Transcribe exactly, and without pictures, the lines from the one that contains "J. Crew Women's" through the last line of the material.

Dataset content:

↓

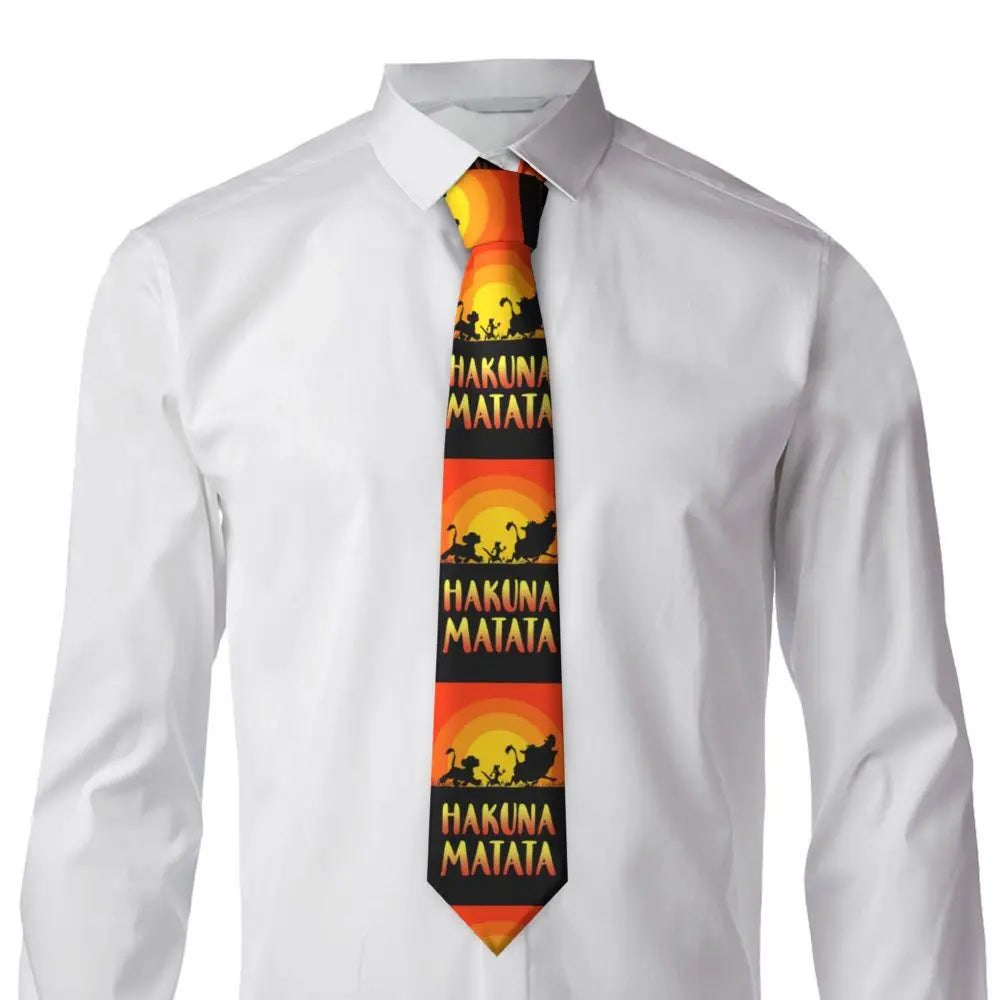 Custom The Lion King Hakuna Matata Necktie Mens Mens Suit Tie For Thanksgiving Day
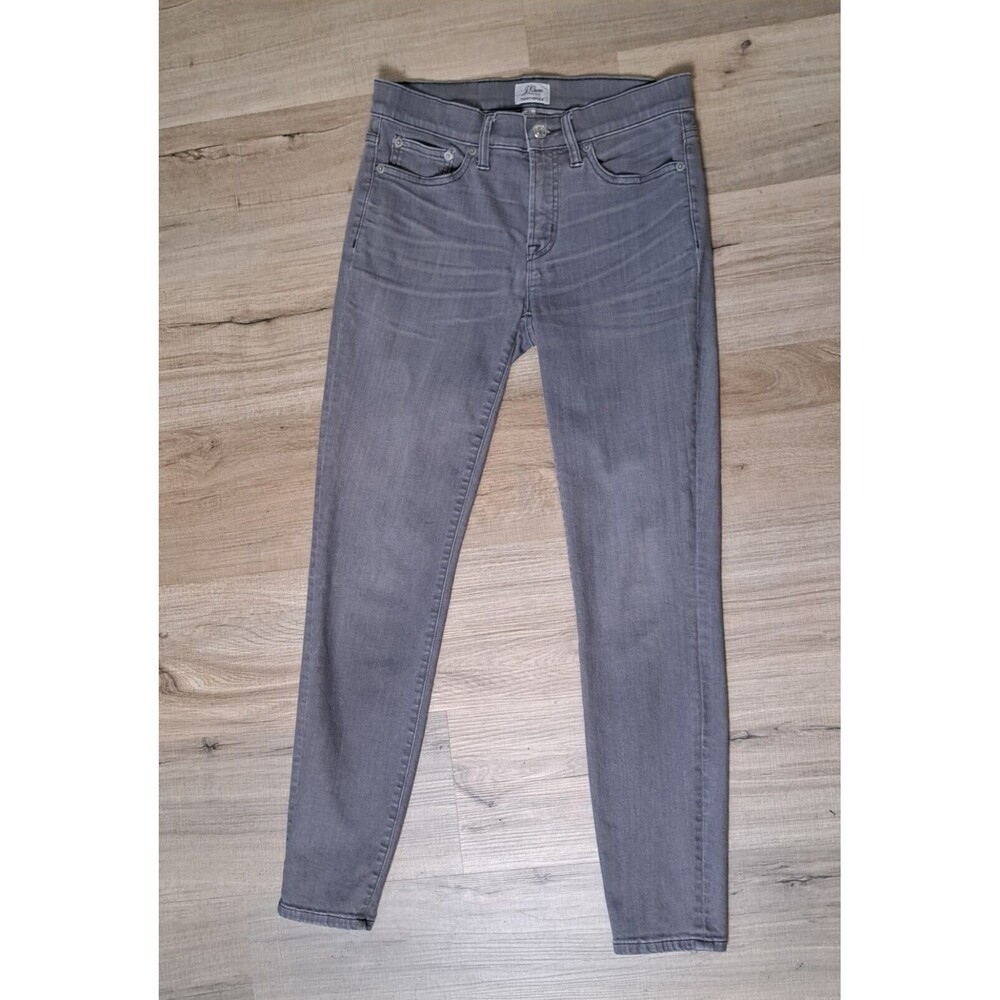 J. Crew Women's Toothpick Jeans Size 27 Gray Mid Rise Denim Stretch Preppy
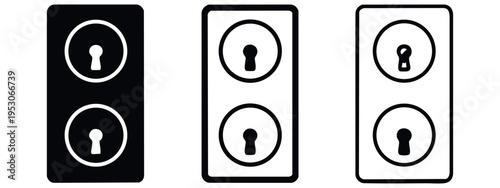 Keyhole security icon set. Two keyholes in a vertical rectangular frame representing access control.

↑

Answer to this task:
 J. Crew Women's Toothpick Jeans Size 27 Gray Mid Rise Denim Stretch Preppy
 Keyhole security icon set. Two keyholes in a vertical rectangular frame representing access control.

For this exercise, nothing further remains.